Recap in the Key of Phoebe – This is the one where Ross sleeps with Chloe and then tries to cover it up so Rachel doesn’t find out after Chandler and Joey convince him not to tell her, Monica and Phoebe get super excited to become Waxine girls, and Rachel ends her relationship with Ross after The Rossatron is unable to track “the trail” all the way down before Gunther tells Rachel about what Ross did while (as she so heartbreakingly puts it) “we were on a break.”

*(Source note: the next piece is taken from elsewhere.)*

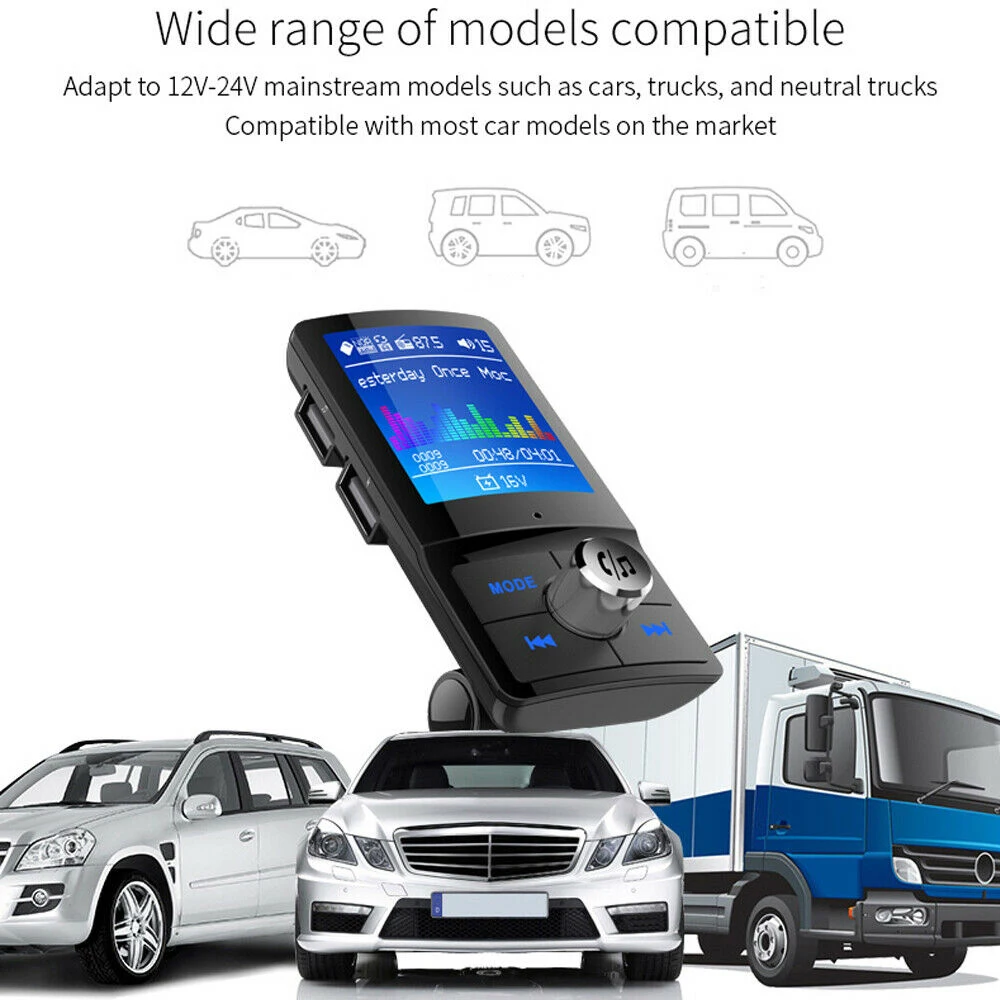 

Hands-free Bluetooth Car Kit FM Transmitter Dual USB Charger Adapter MP3 Player For Car GPS Electronics Phone PC GPS Accessories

Gandalf Gaffes – None. Flawless episode!
Chan Man Quip of the Week – [The Setup]. Monica, Phoebe, Joey and Chandler are holed up in Monica’s bedroom because Ross and Rachel are out in the living room breaking up. While the guys originally came in Monica’s room because Monica and Phoebe were screaming in pain from using Waxine, the group nevertheless has been listening in on Ross and Rachel ever since they first stormed into the apartment. Eventually, Joey and Chandler get anxious to get back to their own apartment. Joey informs the girls, “You know what, I don’t think we should listen to this anymore.” As Joey goes to open the door, Monica protests, “What, what are you doing? You can’t go out there.” Joey complains, “Why not? I’m hungry.” Giving the obvious answer, Monica responds, “Because they’ll know we’ve been listening.” The cameras cut to the living room where Rachel is excoriating Ross, “God! And to have to hear about it from Gunther!” Ross pleads in response, “Come on! Like I wanted him to tell you. I ran all over the place trying to make sure that didn’t happen!” Rachel sarcastically counters with, “Oh, that is so sweet. I think I’m falling in love with you all over again.” The cameras then cut back to Monica’s bedroom where Chandler is backing up Joey by suggesting, “You know what, I think we can go out there. I mean they have more important things to worry about.” Agreeing Joey adds, “Yeah, we’ll be fine.” The cameras quickly cut back to the living room where Ross is revealing, “Look Rachel, I wanted to tell you, I thought I should, I did, and then Chandler and Joey convinced me not to.” [The Knockout] The cameras cut back to Monica’s bedroom where Chandler is handing Monica the can of wax and instructing, “Wax the door shut, we’re never leaving, ever.”